(openPR) GBS ist eine Nervenkrankheit, die Menschen innerhalb weniger Wochen fast vollständig lähmen kann. Bekannt ist sie kaum, doch die Betroffenen organisieren sich in einer Initiative in der Schweiz. In regionalen Selbsthilfegruppen unterstützen sie sich gegenseitig. Betroffene und Angehörige können sich hier Hilfe und Ratschläge holen. Am Samstag 8. November findet im Restaurant au Premier in Zürcher Hauptbahnhof ab 14.00 Uhr ein Treffen der GBS-Initiative Schweiz statt.

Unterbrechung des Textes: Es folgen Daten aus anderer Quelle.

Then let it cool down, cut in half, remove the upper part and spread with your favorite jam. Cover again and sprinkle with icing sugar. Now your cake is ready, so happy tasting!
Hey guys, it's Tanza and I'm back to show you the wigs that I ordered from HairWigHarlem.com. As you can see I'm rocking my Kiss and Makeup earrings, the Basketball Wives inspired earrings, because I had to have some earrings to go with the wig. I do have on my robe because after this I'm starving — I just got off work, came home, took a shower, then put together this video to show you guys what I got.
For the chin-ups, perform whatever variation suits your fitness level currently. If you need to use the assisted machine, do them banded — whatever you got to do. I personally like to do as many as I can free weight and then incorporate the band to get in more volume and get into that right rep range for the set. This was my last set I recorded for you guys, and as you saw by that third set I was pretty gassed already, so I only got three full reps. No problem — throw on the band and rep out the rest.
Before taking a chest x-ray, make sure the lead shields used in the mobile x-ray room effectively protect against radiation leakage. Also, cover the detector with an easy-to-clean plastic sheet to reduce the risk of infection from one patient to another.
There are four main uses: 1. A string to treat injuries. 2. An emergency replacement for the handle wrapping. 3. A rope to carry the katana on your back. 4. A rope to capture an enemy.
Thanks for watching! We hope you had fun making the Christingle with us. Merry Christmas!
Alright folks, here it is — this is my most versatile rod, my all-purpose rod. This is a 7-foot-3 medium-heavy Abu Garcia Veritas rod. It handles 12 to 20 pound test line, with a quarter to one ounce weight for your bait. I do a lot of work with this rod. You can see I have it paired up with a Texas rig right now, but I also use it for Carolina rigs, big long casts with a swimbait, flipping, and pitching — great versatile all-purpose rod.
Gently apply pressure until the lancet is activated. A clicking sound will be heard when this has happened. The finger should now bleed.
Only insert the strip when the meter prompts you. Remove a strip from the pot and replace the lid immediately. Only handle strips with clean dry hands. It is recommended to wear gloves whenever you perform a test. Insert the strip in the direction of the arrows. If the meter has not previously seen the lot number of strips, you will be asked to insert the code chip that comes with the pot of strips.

Experten rechnen mit etwa 70 bis 140 Neuerkrankungen an GBS in der Schweiz jedes Jahr. Die genaue Zahl ist unbekannt, denn es fehlt an einem zentralen Register und zudem werden einige Fälle von den Ärzten nicht richtig erkannt. Die Zahl der Menschen, der an der weitaus schlimmeren CIDP erkranken, liegt darunter. «Es ist wichtig, dass Betroffene und Angehörige über die Krankheit besser informiert werden», sagt Daniel Zihlmann, Präsident der GBS & CIDP Initiative. «Für viele ist es ein Schock, wenn die ersten Symptome auftreten.»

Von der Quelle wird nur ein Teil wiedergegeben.